INFORMATION SUPPLIED below:

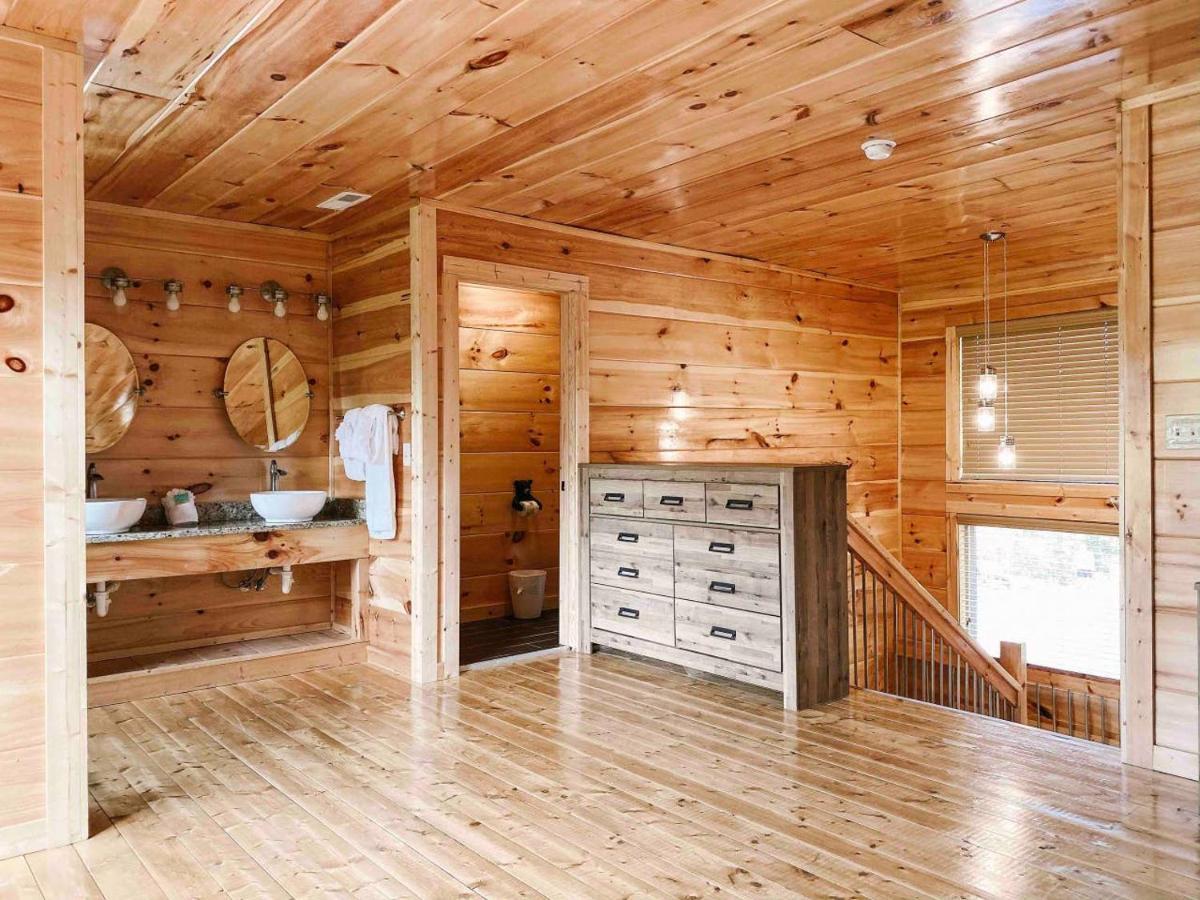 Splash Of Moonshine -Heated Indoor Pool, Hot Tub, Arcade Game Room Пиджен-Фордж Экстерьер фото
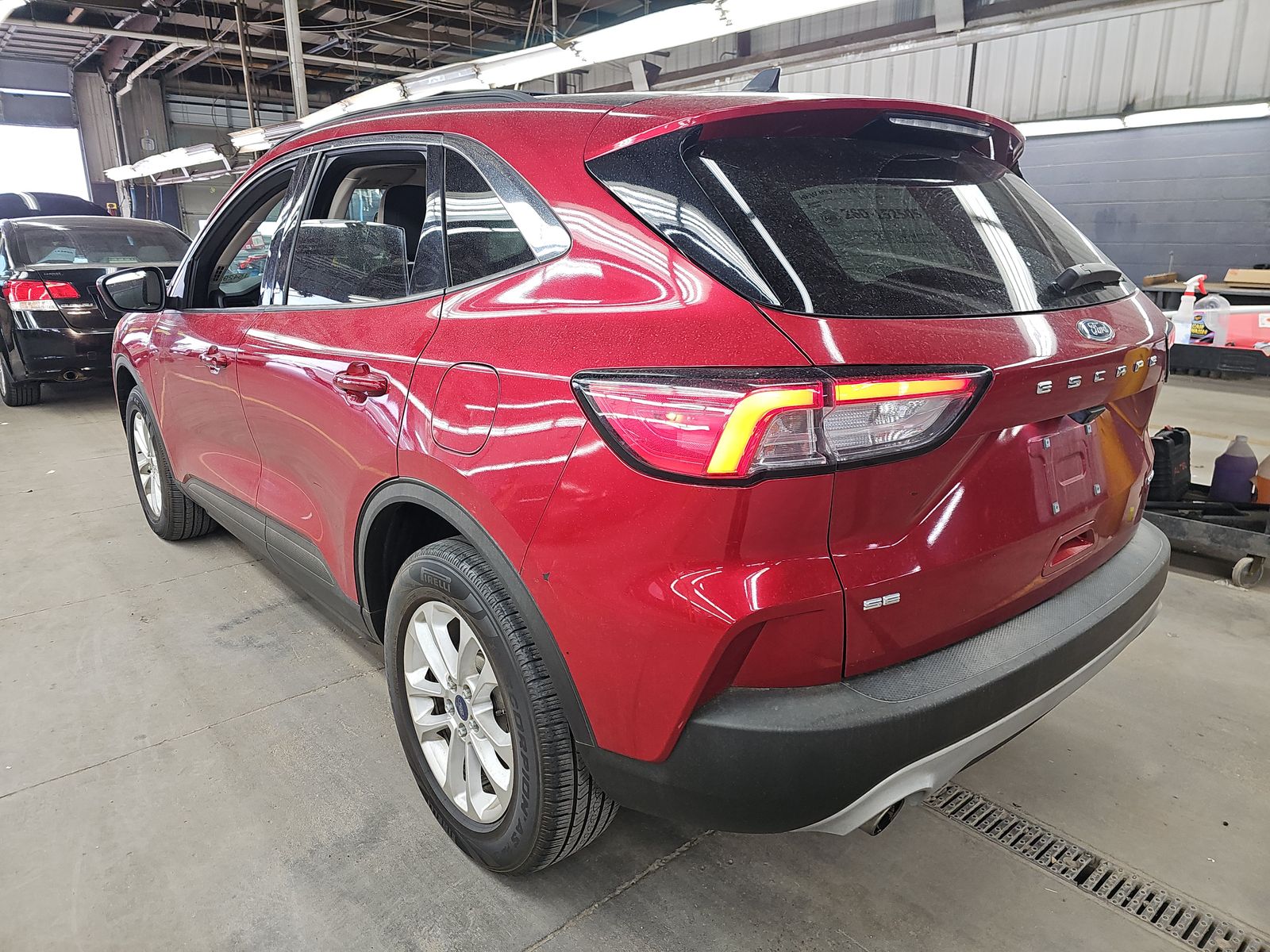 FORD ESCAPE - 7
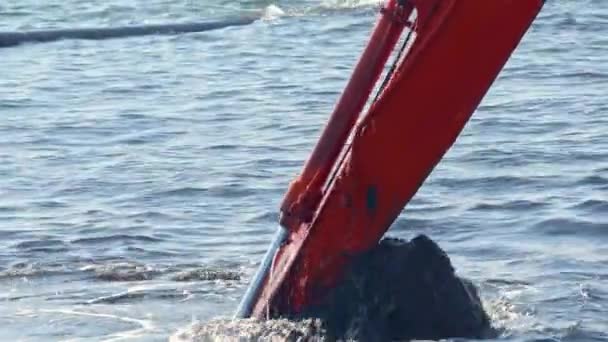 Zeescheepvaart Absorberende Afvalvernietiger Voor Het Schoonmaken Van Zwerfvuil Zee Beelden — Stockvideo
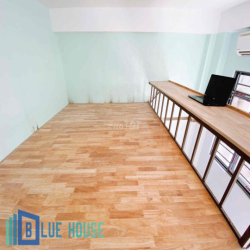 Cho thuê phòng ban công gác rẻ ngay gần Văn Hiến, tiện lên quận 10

End of INFORMATION SUPPLIED.

Print out the complete listing above exactly, dropping each image.

• YOUR SOLUTION:
 Splash Of Moonshine -Heated Indoor Pool, Hot Tub, Arcade Game Room Пиджен-Фордж Экстерьер фото
 FORD ESCAPE - 7
 Zeescheepvaart Absorberende Afvalvernietiger Voor Het Schoonmaken Van Zwerfvuil Zee Beelden — Stockvideo
 Cho thuê phòng ban công gác rẻ ngay gần Văn Hiến, tiện lên quận 10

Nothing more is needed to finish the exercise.